- Task instructions: Return, word for word, the lines of the listing below from the one with "Güdis-DI; Luzerner Fasnacht" through the one with "Muñeco Thiago papá Poppi 6525", and no other lines.

** The data follows **

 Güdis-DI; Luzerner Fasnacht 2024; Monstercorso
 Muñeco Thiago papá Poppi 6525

** End of The data **
** The data follows **

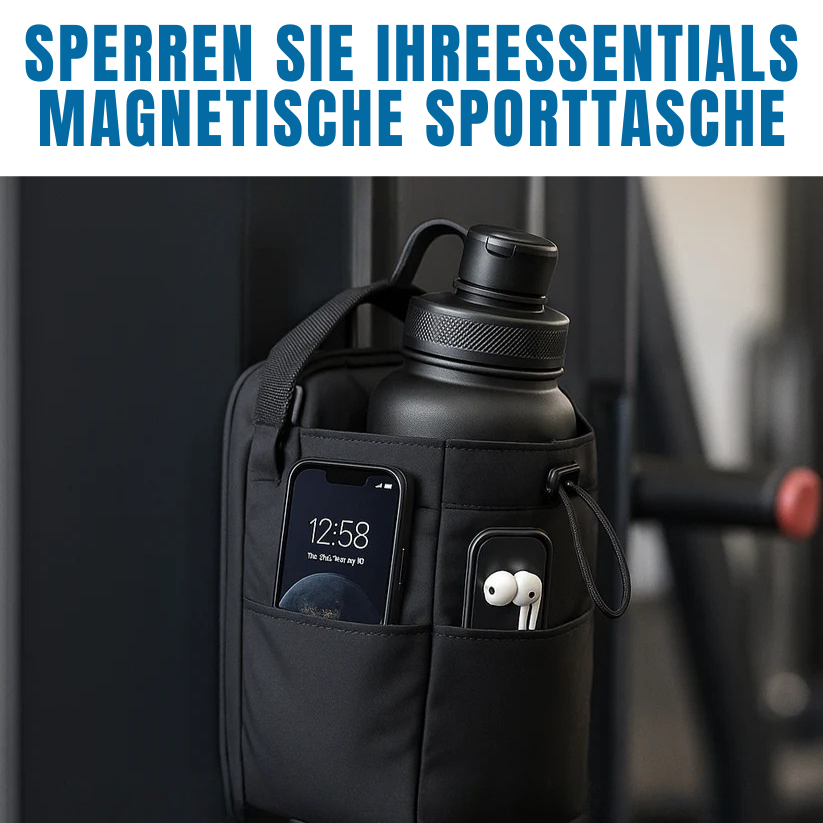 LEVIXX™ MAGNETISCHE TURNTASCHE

** End of The data **
** The data follows **

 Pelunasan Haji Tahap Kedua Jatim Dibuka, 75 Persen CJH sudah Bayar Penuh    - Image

** End of The data **

- Output for this task:
 Güdis-DI; Luzerner Fasnacht 2024; Monstercorso
 Muñeco Thiago papá Poppi 6525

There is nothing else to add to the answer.